• WHAT IS NEEDED: Write out the stretch of lines below that begins at the line with "X0000094440709200711291636" and ends at the line with "Monstera Silver Lava — photograph 1", including both, exactly as given and nothing more.

*** DATASET RECORDS Section Begins ***

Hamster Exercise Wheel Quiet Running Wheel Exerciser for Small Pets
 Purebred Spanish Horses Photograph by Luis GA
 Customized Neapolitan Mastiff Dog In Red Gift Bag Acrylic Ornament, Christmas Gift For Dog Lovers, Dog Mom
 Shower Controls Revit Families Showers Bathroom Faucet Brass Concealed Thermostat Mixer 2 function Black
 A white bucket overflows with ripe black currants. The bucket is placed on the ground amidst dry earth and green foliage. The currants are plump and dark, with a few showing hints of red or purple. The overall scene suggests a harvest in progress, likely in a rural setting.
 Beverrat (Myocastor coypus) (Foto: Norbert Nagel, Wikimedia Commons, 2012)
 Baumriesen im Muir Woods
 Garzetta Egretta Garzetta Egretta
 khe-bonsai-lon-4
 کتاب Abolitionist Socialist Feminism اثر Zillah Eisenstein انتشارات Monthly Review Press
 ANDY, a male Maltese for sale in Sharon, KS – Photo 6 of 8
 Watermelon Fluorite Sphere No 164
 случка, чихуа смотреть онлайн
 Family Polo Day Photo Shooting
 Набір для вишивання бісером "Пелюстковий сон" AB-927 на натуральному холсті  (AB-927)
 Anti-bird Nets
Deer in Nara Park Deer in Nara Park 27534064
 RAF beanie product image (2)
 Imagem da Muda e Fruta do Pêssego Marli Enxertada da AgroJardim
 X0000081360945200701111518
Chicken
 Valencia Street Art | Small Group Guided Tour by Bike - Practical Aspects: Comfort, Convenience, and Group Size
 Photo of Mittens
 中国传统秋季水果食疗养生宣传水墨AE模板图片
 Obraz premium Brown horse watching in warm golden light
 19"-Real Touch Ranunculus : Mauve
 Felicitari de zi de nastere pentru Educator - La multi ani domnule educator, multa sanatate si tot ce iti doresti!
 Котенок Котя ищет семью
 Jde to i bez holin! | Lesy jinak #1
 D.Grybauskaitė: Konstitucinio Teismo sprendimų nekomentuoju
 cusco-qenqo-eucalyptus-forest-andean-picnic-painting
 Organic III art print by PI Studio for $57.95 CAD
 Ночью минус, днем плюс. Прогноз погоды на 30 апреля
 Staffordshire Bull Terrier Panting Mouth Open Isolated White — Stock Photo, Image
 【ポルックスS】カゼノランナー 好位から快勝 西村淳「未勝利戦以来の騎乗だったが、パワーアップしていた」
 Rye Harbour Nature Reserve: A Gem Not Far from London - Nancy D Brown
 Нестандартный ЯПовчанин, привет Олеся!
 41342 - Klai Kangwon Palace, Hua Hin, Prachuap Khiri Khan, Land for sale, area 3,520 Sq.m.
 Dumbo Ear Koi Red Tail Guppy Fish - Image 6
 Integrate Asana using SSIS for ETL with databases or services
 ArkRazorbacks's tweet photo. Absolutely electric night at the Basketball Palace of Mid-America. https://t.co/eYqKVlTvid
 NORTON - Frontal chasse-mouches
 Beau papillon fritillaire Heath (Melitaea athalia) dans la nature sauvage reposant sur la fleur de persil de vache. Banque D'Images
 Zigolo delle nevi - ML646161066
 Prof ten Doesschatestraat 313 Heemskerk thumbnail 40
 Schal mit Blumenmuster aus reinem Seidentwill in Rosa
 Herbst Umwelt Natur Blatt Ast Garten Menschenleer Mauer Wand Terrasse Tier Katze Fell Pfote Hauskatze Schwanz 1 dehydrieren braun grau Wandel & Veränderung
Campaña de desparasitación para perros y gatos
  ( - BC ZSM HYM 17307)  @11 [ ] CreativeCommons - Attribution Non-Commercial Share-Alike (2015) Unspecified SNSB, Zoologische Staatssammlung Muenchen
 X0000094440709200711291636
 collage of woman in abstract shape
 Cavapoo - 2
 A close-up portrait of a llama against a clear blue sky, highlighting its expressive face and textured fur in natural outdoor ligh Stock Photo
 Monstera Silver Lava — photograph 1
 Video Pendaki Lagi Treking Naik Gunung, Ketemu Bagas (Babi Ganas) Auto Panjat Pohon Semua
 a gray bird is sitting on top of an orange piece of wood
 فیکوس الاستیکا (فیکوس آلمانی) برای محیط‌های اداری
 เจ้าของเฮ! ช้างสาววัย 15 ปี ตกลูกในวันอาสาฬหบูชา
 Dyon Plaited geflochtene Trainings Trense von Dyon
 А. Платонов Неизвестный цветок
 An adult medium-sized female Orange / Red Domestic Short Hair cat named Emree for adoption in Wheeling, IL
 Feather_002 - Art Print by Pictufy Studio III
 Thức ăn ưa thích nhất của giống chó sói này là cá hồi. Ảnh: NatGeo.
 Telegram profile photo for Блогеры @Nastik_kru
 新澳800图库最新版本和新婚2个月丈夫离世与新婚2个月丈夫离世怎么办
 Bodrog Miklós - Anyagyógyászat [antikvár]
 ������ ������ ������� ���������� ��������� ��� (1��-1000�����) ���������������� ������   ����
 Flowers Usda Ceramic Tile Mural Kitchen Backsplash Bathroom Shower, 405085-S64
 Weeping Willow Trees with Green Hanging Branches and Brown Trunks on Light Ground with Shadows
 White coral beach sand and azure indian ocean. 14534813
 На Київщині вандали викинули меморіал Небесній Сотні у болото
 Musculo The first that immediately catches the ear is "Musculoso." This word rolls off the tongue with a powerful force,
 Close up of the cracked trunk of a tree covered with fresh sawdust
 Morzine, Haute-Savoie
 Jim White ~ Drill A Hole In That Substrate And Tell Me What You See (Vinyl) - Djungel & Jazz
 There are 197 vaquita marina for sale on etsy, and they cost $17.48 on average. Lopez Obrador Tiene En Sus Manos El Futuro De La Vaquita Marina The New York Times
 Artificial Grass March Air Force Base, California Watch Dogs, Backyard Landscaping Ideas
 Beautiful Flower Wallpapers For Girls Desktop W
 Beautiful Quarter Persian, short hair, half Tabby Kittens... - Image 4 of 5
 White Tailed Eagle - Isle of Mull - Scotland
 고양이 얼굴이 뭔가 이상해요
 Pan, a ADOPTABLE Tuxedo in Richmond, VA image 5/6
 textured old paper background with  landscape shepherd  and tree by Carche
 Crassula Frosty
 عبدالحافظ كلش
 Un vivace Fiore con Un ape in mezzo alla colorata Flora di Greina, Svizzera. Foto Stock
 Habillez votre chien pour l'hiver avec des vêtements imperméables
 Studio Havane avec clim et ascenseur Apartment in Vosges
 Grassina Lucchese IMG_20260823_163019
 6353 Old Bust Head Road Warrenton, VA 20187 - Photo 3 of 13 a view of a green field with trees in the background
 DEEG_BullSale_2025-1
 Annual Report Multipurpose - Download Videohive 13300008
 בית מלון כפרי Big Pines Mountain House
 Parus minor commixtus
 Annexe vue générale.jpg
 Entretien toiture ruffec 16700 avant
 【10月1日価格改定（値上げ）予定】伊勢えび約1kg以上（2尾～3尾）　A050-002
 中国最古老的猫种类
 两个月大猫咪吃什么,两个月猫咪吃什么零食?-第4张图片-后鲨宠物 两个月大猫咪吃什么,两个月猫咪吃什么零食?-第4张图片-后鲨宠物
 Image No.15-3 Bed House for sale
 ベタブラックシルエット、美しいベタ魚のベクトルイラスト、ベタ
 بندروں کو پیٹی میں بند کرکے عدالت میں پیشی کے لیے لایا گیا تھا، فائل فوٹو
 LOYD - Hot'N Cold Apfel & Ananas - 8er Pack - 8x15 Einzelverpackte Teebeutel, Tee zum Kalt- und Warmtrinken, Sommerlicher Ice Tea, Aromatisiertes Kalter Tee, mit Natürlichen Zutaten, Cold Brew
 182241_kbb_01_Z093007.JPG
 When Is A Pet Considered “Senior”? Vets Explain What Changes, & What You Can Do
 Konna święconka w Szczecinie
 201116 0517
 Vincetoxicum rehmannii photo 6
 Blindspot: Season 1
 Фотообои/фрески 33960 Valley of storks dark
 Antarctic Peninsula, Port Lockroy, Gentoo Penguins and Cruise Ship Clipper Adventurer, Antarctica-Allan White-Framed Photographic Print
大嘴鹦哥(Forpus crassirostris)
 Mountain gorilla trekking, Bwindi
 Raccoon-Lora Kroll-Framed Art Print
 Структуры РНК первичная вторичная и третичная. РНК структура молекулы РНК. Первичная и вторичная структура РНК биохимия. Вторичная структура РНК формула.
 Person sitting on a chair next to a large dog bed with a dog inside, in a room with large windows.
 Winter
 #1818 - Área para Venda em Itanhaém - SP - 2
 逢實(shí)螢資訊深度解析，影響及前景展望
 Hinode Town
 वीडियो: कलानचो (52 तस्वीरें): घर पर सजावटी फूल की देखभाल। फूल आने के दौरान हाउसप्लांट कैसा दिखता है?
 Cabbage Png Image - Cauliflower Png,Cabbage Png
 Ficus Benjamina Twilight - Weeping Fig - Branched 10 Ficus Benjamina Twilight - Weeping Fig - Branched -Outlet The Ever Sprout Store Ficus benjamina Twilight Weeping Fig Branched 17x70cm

*** DATASET RECORDS Section Ends ***

• SOLUTION TO THIS TASK:
 X0000094440709200711291636
 collage of woman in abstract shape
 Cavapoo - 2
 A close-up portrait of a llama against a clear blue sky, highlighting its expressive face and textured fur in natural outdoor ligh Stock Photo
 Monstera Silver Lava — photograph 1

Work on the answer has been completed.